Ottinger continued that her favorite thing about Food for Thought is that it is “more about the thought than the food”.


“The leaders of the organization make an effort to ensure that the focus of the organization is not just on feeding those in need, but using food as a vehicle to show people that they are important, forming relationships, and providing consistency to the community we serve,” Ottinger said.


Being involved with Food for Thought has allowed Ottinger to spread kindness and show people they matter. She said her time volunteering downtown has allowed her to get to know people she would never normally get to know.


“It’s an awesome feeling to know that every Friday and Saturday I can look forward to reconnecting with individuals who I’ve formed friendships with,” Kruger said. “It may sound cheesy, but it doesn’t feel fair for me to call what I do with Food For Thought volunteering, because most days I feel like I benefit from my experiences just as much as the individuals being served.”


Volunteers like Ottinger are people the Food for Thought organization are actively recruiting.
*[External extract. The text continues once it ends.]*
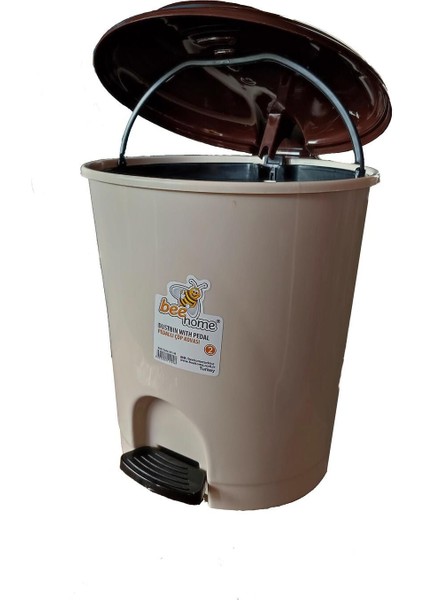 7 Litre Krem Pedallı Açılır Kapaklı Çöp Kutusu, 22X24X26 cm fiyatları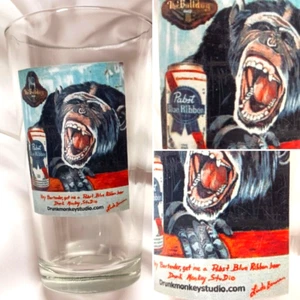 PABST BLUE RIBBON GLASS DRUNK MONKEY STUDIO BY LINDA BERMAN RARE PIECE - Picture 1 of 9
Kruger said, internships centered around nutrition, writing grant proposals or just volunteering in general, is what they are hoping to find.


"I think it’s a great opportunity for students to come out and learn about people who are a little bit different than them,” Kruger said. “I think it provides you a fresh perspective on life and it can also assist in your studies, kinda experiential learning, especially if you plan on working with different populations.”